No primeiro semestre deste ano, as mortes violentas intencionais aumentaram 7,1% no país, seguindo a tendência de elevação iniciada no último trimestre de 2019. De acordo com o 14º Anuário Brasileiro de Segurança Pública, divulgado pelo Fórum Brasileiro de Segurança Pública (FBSP), foram registradas 25.712 ocorrências, contra 24.012 da primeira metade de 2019. Ou seja, a cada dez minutos, uma pessoa perdeu a vida, vítima de assassinato.
São consideradas mortes violentas intencionais o homicídio doloso, a lesão corporal seguida de morte, o latrocínio e as mortes decorrentes de intervenção policial. Os homicídios dolosos (8,3%) e as mortes decorrentes de intervenção policial (6%) foram os que mais tiveram aumento. De 2019 para 2020, o número de casos passou de 20.105 para 21.764 e de 3.002 para 3.181, respectivamente.
De modo inverso, caiu o total de vítimas de lesão corporal seguida de morte (-7,9%), de 407 para 375 e de vítimas de latrocínio (-13,6%), de 832 para 719. Devido às medidas de isolamento e distanciamento social, os episódios de crimes patrimoniais apresentaram redução de -24,2%, taxa resultante da diferença entre 680.359 casos de 2019 e os 515.523 de 2020.

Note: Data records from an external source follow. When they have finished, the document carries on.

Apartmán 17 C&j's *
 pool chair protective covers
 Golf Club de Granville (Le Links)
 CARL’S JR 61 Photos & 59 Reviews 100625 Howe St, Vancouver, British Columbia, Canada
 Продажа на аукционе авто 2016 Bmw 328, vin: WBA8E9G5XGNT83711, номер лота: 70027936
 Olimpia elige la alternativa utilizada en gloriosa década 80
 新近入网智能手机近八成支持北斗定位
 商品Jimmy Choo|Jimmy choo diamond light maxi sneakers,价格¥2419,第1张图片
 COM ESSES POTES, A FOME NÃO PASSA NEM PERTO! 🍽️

Segundo a diretora-executiva do FBSP, Samira Bueno, a instituição trabalha "mais com hipóteses" do que com certezas para tentar compreender os dados compilados no relatório, tendo em vista que a pandemia de covid-19 ainda é um contexto inédito. Apesar de reconhecer que a análise requer um nível de assimilação da conexão entre elementos, ela aponta alguns fatores que podem ter correspondência com a realidade constatada:
"De um lado, a gente vê o que indica o fim da trégua de grupos criminosos, ou seja, um aumento de conflitos relativos ao tráfico internacional de drogas e armas, que é o que reverbera principalmente no Norte do país, e no Nordeste, que são rotas importantes do tráfico, especialmente de cocaína e outras drogas. Então, essa mudança de relações de força entre grupos criminosos, essas disputas se acirram durante a pandemia e isso acaba produzindo muitas mortes."
"De outro lado, temos um incremento nos casos de violência doméstica, de violência interpessoal, que refletem nos casos de feminicídio. Os casos de feminicídio vêm crescendo ao longo de vários anos, e isso não é exclusivo desse momento em que estamos vivendo. Mas, ao que tudo indica, a pandemia acentuou a violência, na medida em que são mais mulheres que já viviam situações de vulnerabilidade, na violência, e passam mais tempo com seus agressores."
Segundo a diretora, o estancamento generalizado da criminalidade, imaginado para o período da crise sanitária, não se confirmou.
De acordo com o relatório, a alta no índice de mortes violentas intencionais foi observada em 21 unidades federativas. O maior crescimento desse tipo de crime ocorreu no Ceará, que quase dobrou o número de casos (96,6%). O patamar muito acima da média nacional foi um comportamento partilhado por outros 13 estados: Paraíba (19,2%), Maranhão (18,5%), Espírito Santo (18,5%), Sergipe (16,8%), Alagoas (15,1%), Paraná (14,8%), Santa Catarina (14%), Rondônia (13,4%), Tocantins (12,5%), Pernambuco (11,8%), Rio Grande do Norte (11,8%), Bahia (10,1%) e São Paulo (8,2%).
O relatório indica que estado do Ceará enfrentou uma crise na segurança pública, no início deste ano, marcado pela greve da Polícia Militar, ocorrida em fevereiro. A paralisação da categoria, que durou 13 dias, gerou "impactos importantes" nos indicadores de segurança da região, de acordo com o FBSP..
Para o diretor-presidente do fórum, Renato Sérgio de Lima, o que se vê no Brasil é a naturalização de agressões. "A gente continua sendo um país profundamente violento, onde não conseguimos resolver, enfrentar o problema de forma satisfatória. Continuamos a banalizar a vida", disse. Ele destacou que o relatório tem como referência mais de 60 fontes de informação, não se restringindo a analisar somente a base de dados de autoridades policiais.
Com relação ao Ceará, o diretor ressaltou que se trata de um exemplo "emblemático", porque ilustra o resultado da separação do debate em torno do cotidiano das forças de segurança pública e das pautas de funcionamento das polícias, tratando os dois assuntos como se não tivessem ligação nenhuma.
"Esse precedente se deu preponderantemente em fevereiro, a partir do momento em que teve um movimento de greve e foi quando acabou se associando a uma reorganização das facções de base do sistema prisional e provocou o esvaziamento de um esforço que estava sendo feito antes", disse.